The process 1000 may compare the thresholds of the lower wavelet levels to the corresponding wavelet coefficients (Act 1016). Thresholds applied in the lower wavelet levels may be adjusted when the process 1000 detects transient noise in the higher levels.
The process 1000 determines if wavelet coefficients corresponding to transient noise were detected in one or more of the lower levels (Act 1018). When a wavelet coefficient is greater than, equal to, or substantially equal to the threshold, the process 1000 may identify that coefficient as corresponding to transient noise. Where the process 1000 uses a sliding window to calculate thresholds, the system may identify a wavelet coefficient as corresponding to transient noise where the coefficient is greater than, equal to, or substantially equal to the threshold corresponding to that window.
The process 1000 may minimize wavelet coefficients identified in the lower levels that may correspond to transient noise (Act 1020). When the process 1000 minimizes the selected wavelet coefficients that may correspond to transient noise, or when the process 1000 does not identify transient noise at lower levels, the process 1000 may reconstruct the input speech frame (Act 1022). An inverse wavelet transform may be used to reconstruct the input speech frame. The reconstructed frame may include the speech components of the original frame with the transient noise components substantially reduced.
FIG. 11 is a transient noise removal system 1100 that has a processor 1102 and a memory 1104. A speech detection device 1106, such as a microphone, may convert sound waves into a signal. An analog-to-digital converter (A-to-D converter) 1108 may process the signal. The A-to-D converter may convert the signal to a digital format. The processor 1102 may receive the digital signal as an input speech signal 1110 from the A-to-D converter 1108. The A-to-D converter 1108 may be a unitary part of or may be separate from the processor 1102. The processor 1102 may execute instructions stored in the memory 1104 to control operation of the transient noise removal system 1100.
Although selected aspects, features, or components of the implementations are depicted as being stored the memory 1104, all or part of the systems, including the methods and/or instructions for performing such methods consistent with the transient noise removal system 1100, may be stored on, distributed across, or read from other computer-readable media, for example, secondary storage devices such as hard disks, floppy disks, and CD-ROMs; a signal received from a network; or other forms of ROM or RAM either currently known or later developed.

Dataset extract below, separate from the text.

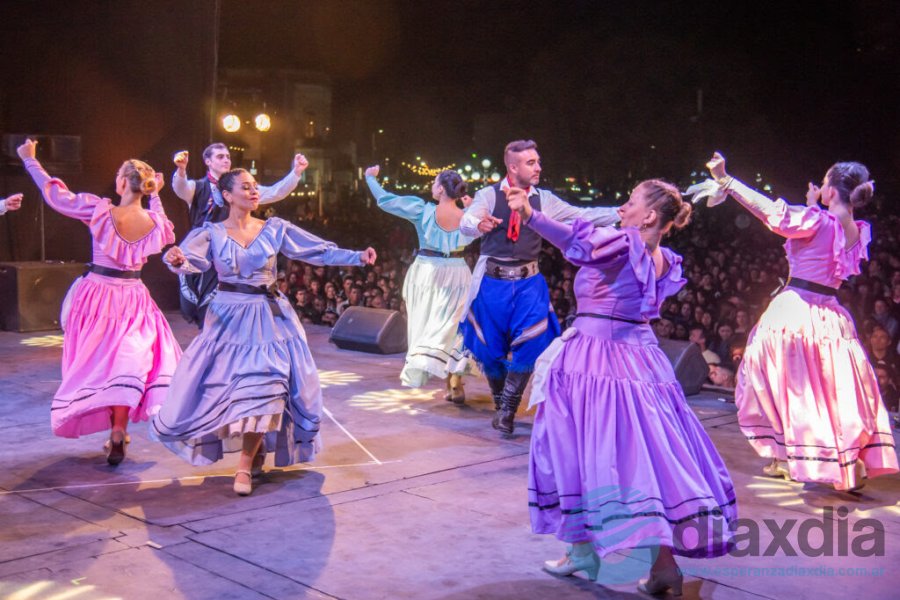 Danzas folclóricas en la fiesta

Specific components of the transient noise removal system 1100 may include additional or different components. The processor 1102 may be implemented as a microprocessor, microcontroller, application specific integrated circuit (ASIC), discrete logic, or a combination of other types of circuits or logic. Similarly, the memory 1104 may be DRAM, SRAM, Flash, or any other type of memory. Parameters (e.g., data associated with wavelet levels), databases, and other data structures may be separately stored and managed, may be incorporated into a single memory or database, or may be logically and physically organized in many different ways. Programs, processes, and instruction sets may be parts of a single program, separate programs, or distributed across several memories and processors.
The memory 1104 may store the input speech signal 1110. The transient noise removal system 1100 may segment the input speech signal 1110 into the input speech frames 1112 and store the input speech frames 1112 in the memory 1104. The input speech frames 1112 may overlap. In some systems, the input speech frames 1112 may overlap by about 50%. The transient noise removal system 1100 may consider the sample rate associated with the input speech signal 1110 when determining a length of the input speech frames 1112.
The processor 1102 may execute a wavelet transform program 1114 stored in the memory 1104. The transient noise removal system 1100 may use the wavelet transform program 1114 to decompose an input speech frame 1112 into one or more wavelet levels 1116 including one or more wavelet coefficients 1118.
The memory 1104 may store data corresponding to wavelet levels 0 through l 1116. The data corresponding to the wavelet levels 1116 may include the wavelet coefficients 1118 for each level 1116. The number of wavelet coefficients 1118 for each level may equal 2^l, where l equals the level number. For example, level 3 may include 2³=8 wavelet coefficients, while level 7 may include 2⁷=128 wavelet coefficients.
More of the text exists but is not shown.